The availability of push payments technology today has leapfrogged those in the financial services sector waiting for new technologies and systems to deliver fast funds tomorrow. Push payments are instant, guaranteed, protected, and, best of all, trusted and comfortable for the consumer.

This capability creates both an outsized opportunity and a tremendous risk for banks, businesses, and many traditional payment instrument providers.

visa contactless debit card
Visa Inc. and contactless payment logos sit on a debit card in this arranged photograph, in London, U.K., on Friday, May 22, 2015. Credit and debit cards that can be used by tapping the reader are gaining users, and mobile apps are set to further boost the popularity of contactless paying. Photographer: Simon Dawson/Bloomberg
Simon Dawson/Bloomberg

As insurance companies, payroll issuers and other legacy paper check payers seek to capitalize on the cost savings of and consumer preference for push payments, they must move quickly to offer push payment functionality or risk being left behind by customers.

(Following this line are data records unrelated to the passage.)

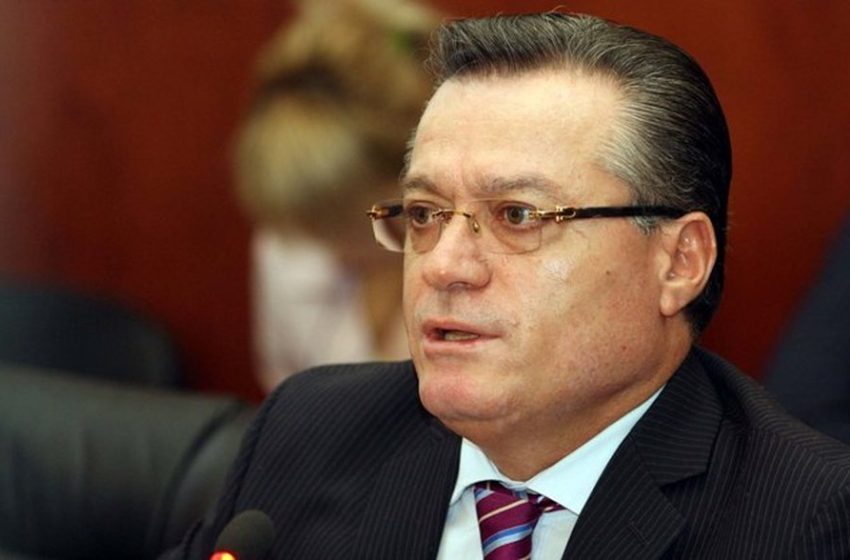  Perla e ditës: Krahina e Devollit shpall “qytetar nderi” Ridvan Boden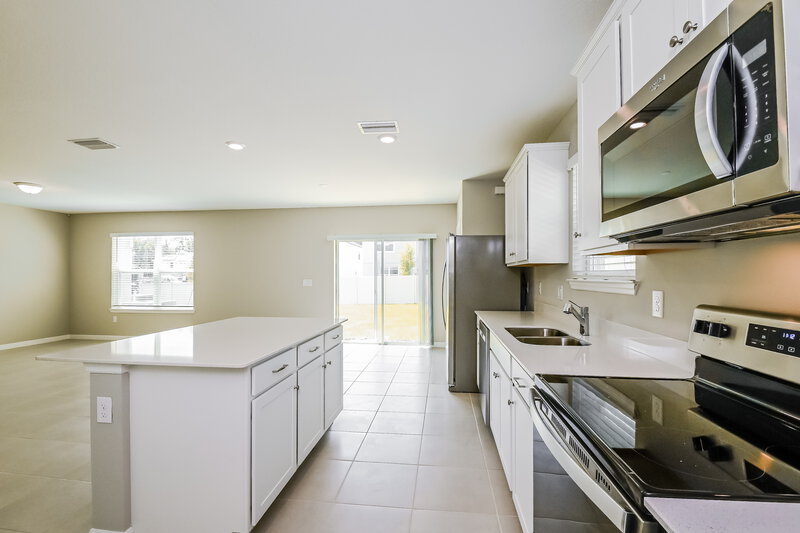 2,050/Mo, 2242 Shasta Street Lakeland, FL 33805 Kitchen View 2
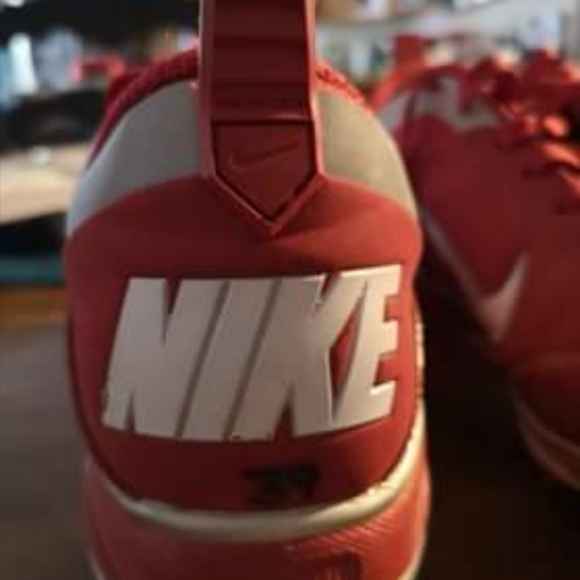 Baseball cleats - Picture 2 of 2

Similarly, payment providers have an opening to become the preferred account destination within a consumer wallet, but those that do not move aggressively risk being relegated to the wallet periphery behind other bank, debit card and online accounts.

A number of individual network solutions like Visa Direct support a push versus a pull of funds so that money can instantly be funded back to a card or account. By joining these one-off networks together, it’s possible to build a ubiquitous push payments solution that delivers complete consumer choice.

These payments operate on existing card network rails and rely on the same sponsor bank and acquirer system as merchant transactions. In this way, the process is familiar to consumers since they simply swipe or share their card numbers. No need to memorize bank account numbers or set up a new digital wallet. But the market for push payments is remarkably bigger, and, estimated at $30 trillion, six times greater than the debit market, encompassing all types of paper and electronic transactions: corporate disbursements, payroll, contractor payments, insurance payouts, loan proceeds, and more.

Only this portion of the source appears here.